メンズファッションの象徴的なアイテムの一つ「レザージャケット」。
モノ単体で魅力に満ち溢れ、着用者にある種の色気を与えるそれは、男性なら一度は憧れを抱く筈。
例に漏れず、私もその一人だが、長らく向き合ってこなかった。
いや、向き合う事ができなかったという表現が正しいかもしれない。
と言うのも私が、女性から羨ましがられる程の白い肌と細く頼りない身体を持つ故である。
Lewis Leather、Schottはたまたメゾンなど、ありとあらゆるレザージャケットを片っ端に幾度となく試してみたものの、腑に落ちない。
袖を通す度に、逞しくて野生的で男臭いフェロモンムンムンの銀幕スターの姿が脳裏に散らき、鏡に映る自分との差異に悲観し、自分が着る服として捉えられなかった。

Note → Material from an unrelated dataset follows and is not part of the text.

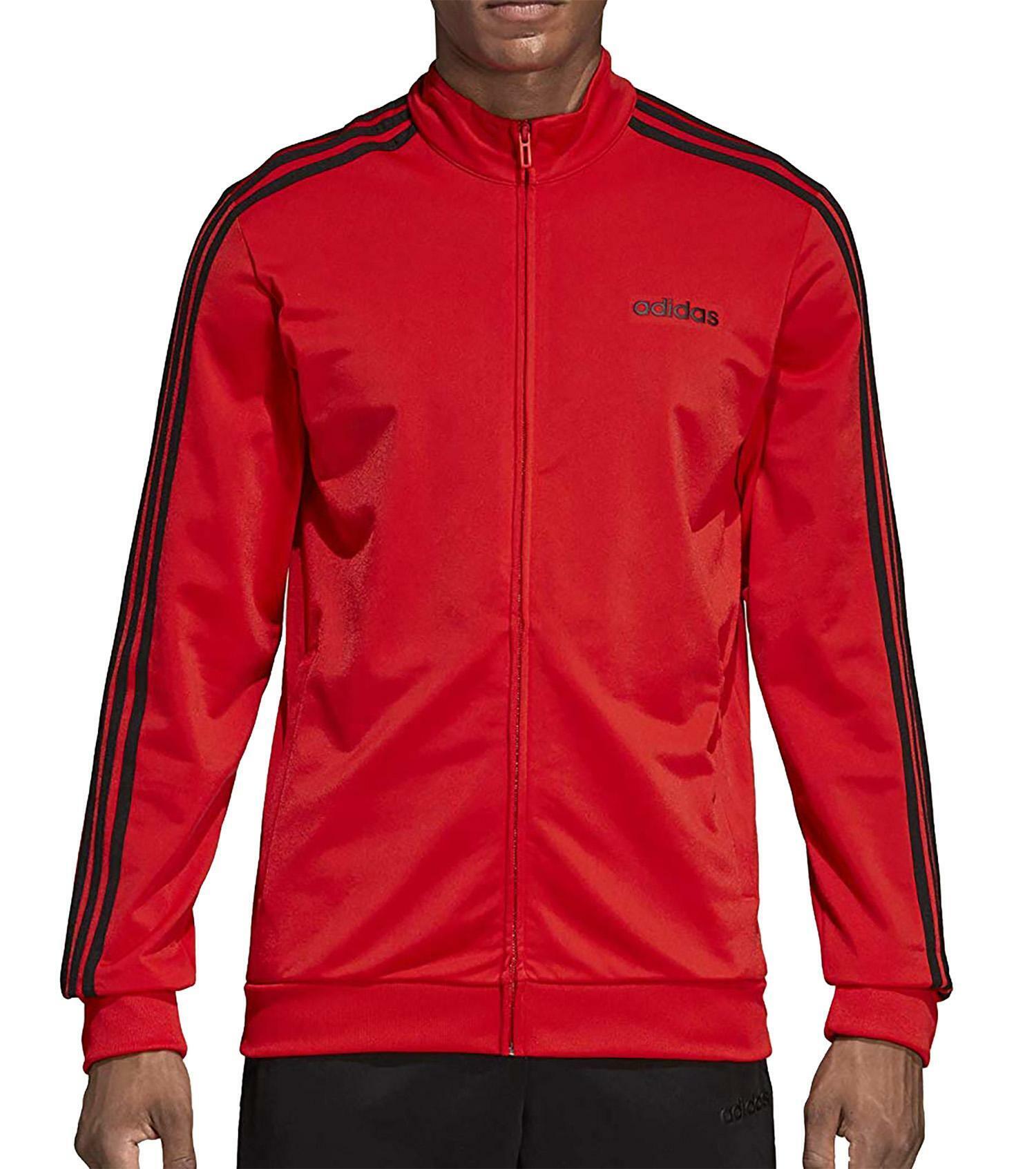Adidas 3S (DU0445) dunkelblau TRIC TT E Trainingsjacke Adidas 3S (DU0445) dunkelblau TRIC TT E Trainingsjacke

そんな中で縁あって出逢ったのが、Carol Christian Poellの一着。
正直に申し上げると、Carol Christian Poellに関して知っていたことは名前ぐらい。
掲げるコンセプトやどんな御人が好むのか、何も知らなかった。
ただ、それが功を制した。
無知だった故に、これまでに袖を通した瞬間に脳裏を過ぎる銀幕スターの姿が浮かばず、
鏡に映るレザージャケットを羽織った自分の姿をスッと受け入れることができた。
予備知識がない真っ新な状態だったからこその純粋な衝動。
この一着との出逢いは、永く果てしなかったレザージャケットの旅に終わりを告げてくれたと同時に、忘れかけていた大事な事を思い出させてくれた。